The Isle of Man, although less strict than Ireland, has laws with a number of restrictions that make the process difficult, and there are no organisations on the Isle of Man that can help to facilitate abortions.
Though a clinical abortion in the UK is legal, self-aborting is not. Barring Ireland, the UK has one of the harshest punishments for self-induced abortion than any other country in Europe, which, in extreme cases can lead to life imprisonment.
New data provided by BPAS from the Medicines and Healthcare products Regulatory Agency shows that there has been a huge shift in the number of women in England, Wales and Scotland looking to procure abortion pills, jumping from just 5 pills in 2013 to 275 in 2016. Last year, 645 abortion pills were seized on their way to UK addresses.
This is where the ascorbic acid comes in. Women are able to get their hands on high doses of it. One blog claims that 6000mg of vitamin C each day for three days is sufficient. Standard tablets can contain anywhere between 200-1000mg of vitamin C.

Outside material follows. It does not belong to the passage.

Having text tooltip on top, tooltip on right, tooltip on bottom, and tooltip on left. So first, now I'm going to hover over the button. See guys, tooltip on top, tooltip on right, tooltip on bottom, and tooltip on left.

Others suggest parsley tea or insertion of organic parsley directly into the vagina as a pessary.
On one site, Sister Zeus, the author offers the disclaimer that the information provided is ‘not intended as a guide,’ but goes on to provide step-by-step instructions on how to use herbs and vitamin C to induce an abortion, and writes copious analyses that are riddled with fallacies and factual blind spots. But medical experts strongly advise against following the advice of such sites and blogs which pose serious health threats.
The appeal of vitamin C over other herbs might be that, whilst no one really knows the effects of large amounts of ascorbic acid on the body, it is considered generally less harmful than herbs like Pennyroyal, which in some cases has caused death. A 1970s study in a Russian scientific journal, considered the first and only real study of vitamin C as an abortifacient, concluded that the high levels of vitamin C stimulated the release of oestrogen, triggering a miscarriage, but did not have any harmful side effects short term.
But there are plenty of horror stories from women who have tried such techniques with devestating effects including incomplete abortions requiring urgent medical care.
Sadly such accounts just illustrate the desperate lengths many women will go to when their rights to safe abortions is restricted. It is naïve to think that limiting a woman’s access to clinical abortions means that there will be fewer abortions. Simplistically banning abortion doesn’t stop desperate women from seeking them out and getting them. It just makes the experience more expensive, more dangerous, and perhaps worst of all, more lonely.